Aim of the exercise: Both the line containing "2026 VOLVO XC90 ULTRA" and the line containing "Tołpa Hair Rituals" belong to the span. Output exactly that span from the listing below, and nothing outside it.

Data extracts:
------------------------------------------------------------

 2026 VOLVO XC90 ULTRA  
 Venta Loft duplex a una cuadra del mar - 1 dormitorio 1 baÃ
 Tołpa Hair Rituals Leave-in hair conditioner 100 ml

------------------------------------------------------------

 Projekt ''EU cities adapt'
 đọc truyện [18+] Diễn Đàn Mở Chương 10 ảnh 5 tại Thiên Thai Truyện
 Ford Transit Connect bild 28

------------------------------------------------------------

Answer to this task:
 2026 VOLVO XC90 ULTRA  
 Venta Loft duplex a una cuadra del mar - 1 dormitorio 1 baÃ
 Tołpa Hair Rituals Leave-in hair conditioner 100 ml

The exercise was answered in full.